Nebraska is on the verge of becoming the first conservative state in over 40 years to abolish the death penalty.

In a bipartisan 32-15 vote on Wednesday, Nebraska's legislature gave the final approval to a bill abolishing the death penalty, replacing it with life without parole, reported The Associated Press.

The state's Republican governor, Pete Ricketts, has promised to veto the bill, but such an act would likely only be symbolic. Lawmakers in the state's unicameral legislature appear to have a veto-proof majority, in the form of a coalition of religious conservatives and civil-rights advocates.

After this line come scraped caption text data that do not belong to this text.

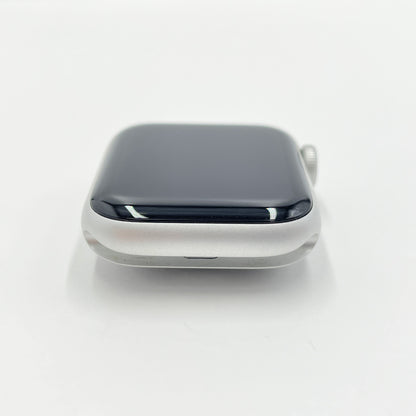 Apple Watch SE 第2世代 40mm GPS シルバーアルミニウムケース/ミラネーゼループ MRTT3J/A バッテリー最大容量93% 【C6751-C】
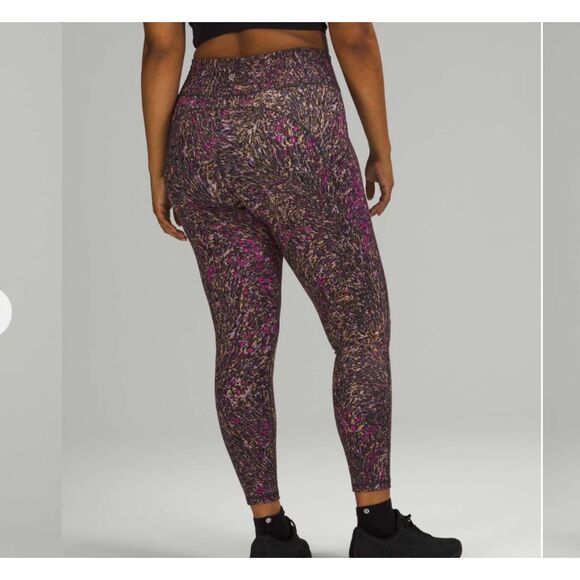 READ DESCRIPTION Women 10 Piece Lululemon Leggings Mixed Size Mixed Style Bundle - Picture 4 of 4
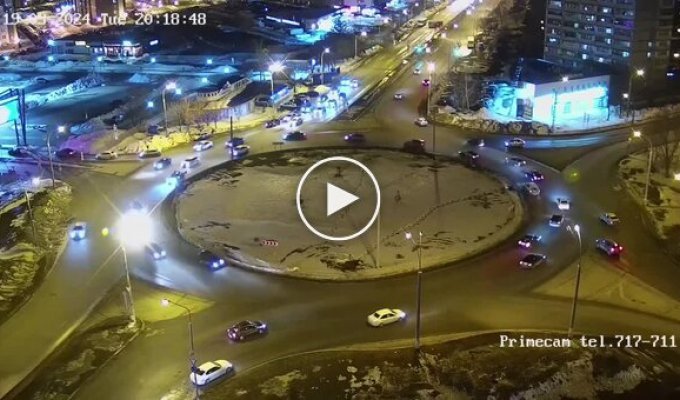 The guy knows how to enter a roundabout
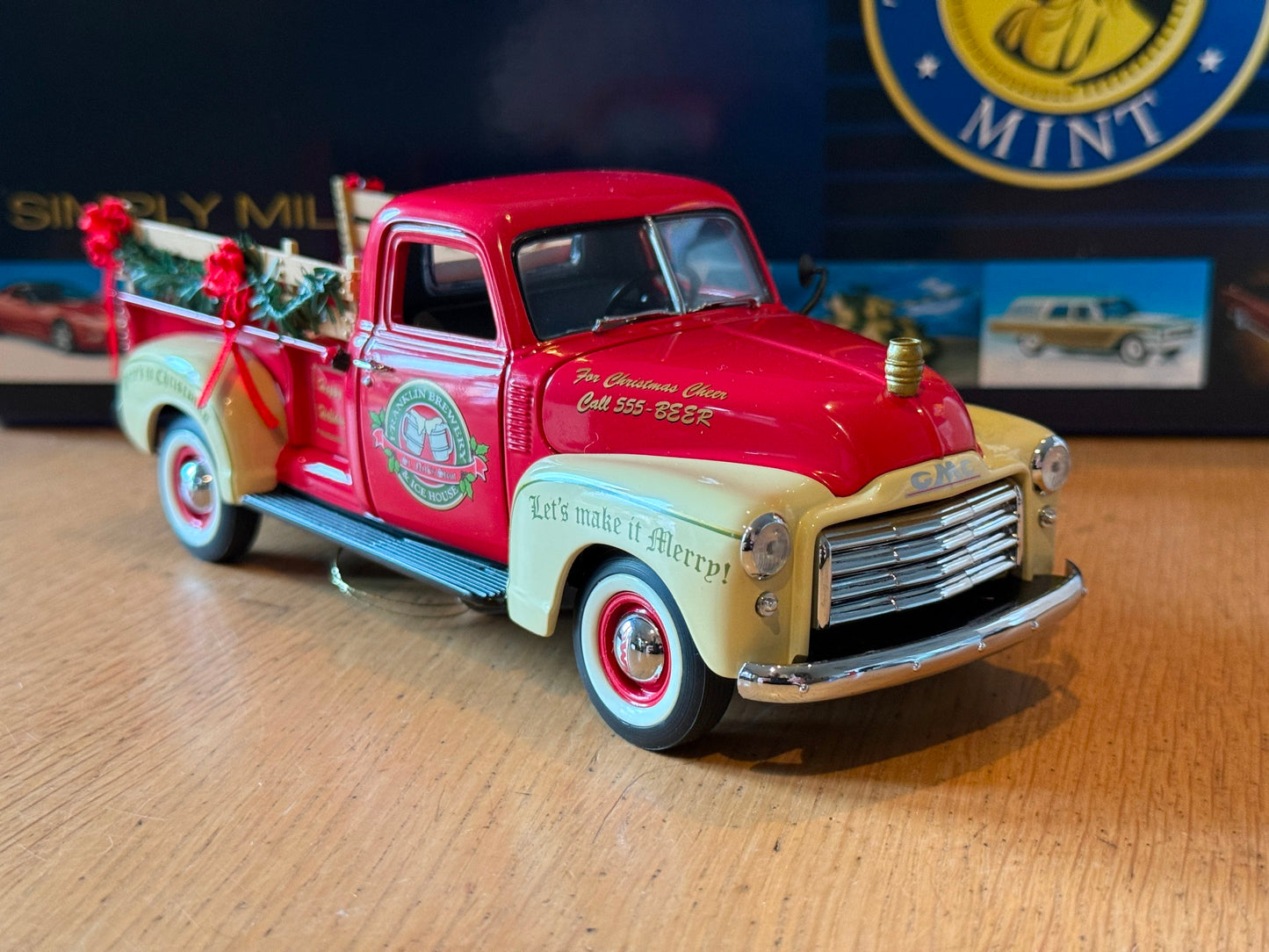 Franklin Mint 1/24 1950 GMC Truck - 2007 Christmas Model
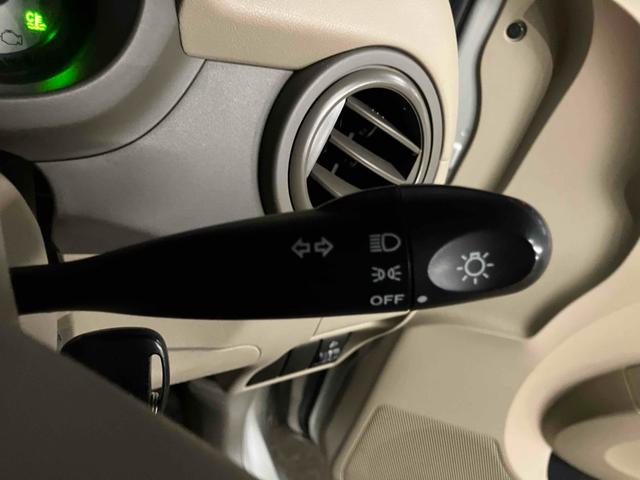 アルト Ｆ　５ＭＴ　キーレス　ＣＤ　１４アルミホイール　走行距離１万３千キロ（6枚目）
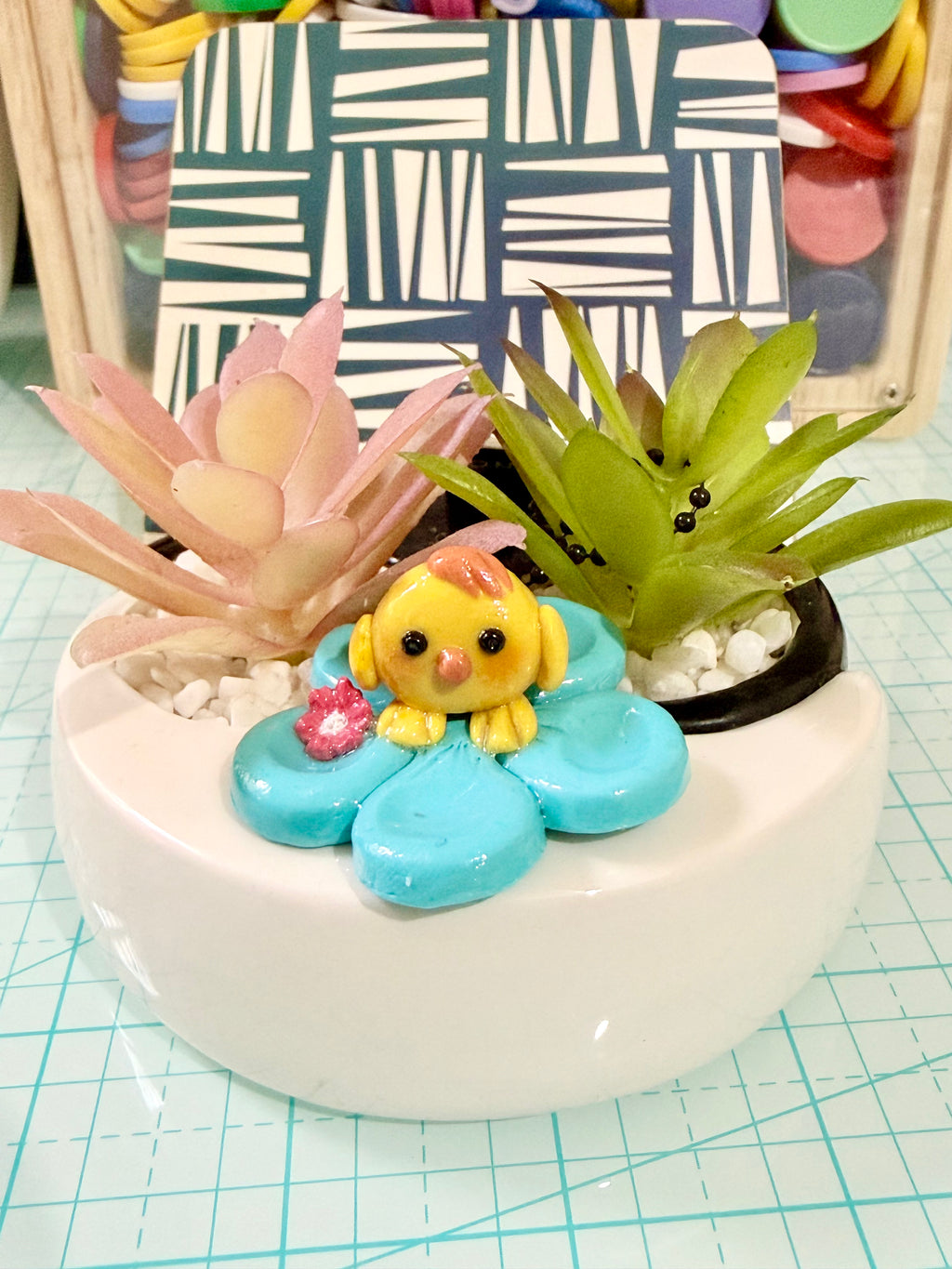 Desktop buddy in (yellow)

During the two-hour debate, state lawmakers from one of the most conservative states in the nation cited a number of reasons for changing their view on the death penalty, including religious reservations along with increased difficulty obtaining the drugs used for lethal injections. Also mentioned was the seemingly arbitrary application of the death penalty for some murderers but not others, the possibility of wrongful convictions, and the emotional exhaustion suffered by the families of death row inmates, according to Reuters. Other conservatives cast the death penalty as "a waste of taxpayer money and question whether government can be trusted to manage it," according to AP.

"The conservative Republicans' positions as expressed in Nebraska are basically a microcosm of what's going on with conservatives about the death penalty nationwide," Robert Dunham, executive director of the Death Penalty Information Center, told The Christian Science Monitor. "Abolition in Nebraska could empower conservatives in other 'red' states to move forward because they know it can be done."

Nebraska is one of 32 states that impose the death penalty, but the state hasn't conducted an execution since 1997, when the electric chair was used, according to AP. State law now requires executions to be carried out via lethal injection, but the state hasn't yet imposed that punishment on anyone. The state also voted in 1979 to ban executions, but then-Gov. Charles Thone vetoed the bill and lawmakers didn't attempt an override. There are currently 11 inmates on death row in Nebraska.

According to the most recent Gallup poll on the subject, released in October 2014, Americans favor the death penalty by nearly a 2-to-1 margin. A Pew Research Center poll from April of this year found that while a 56 percent of Americans favor the death penalty for those convicted of murder, support in general is as low as it's been in the past 40 years.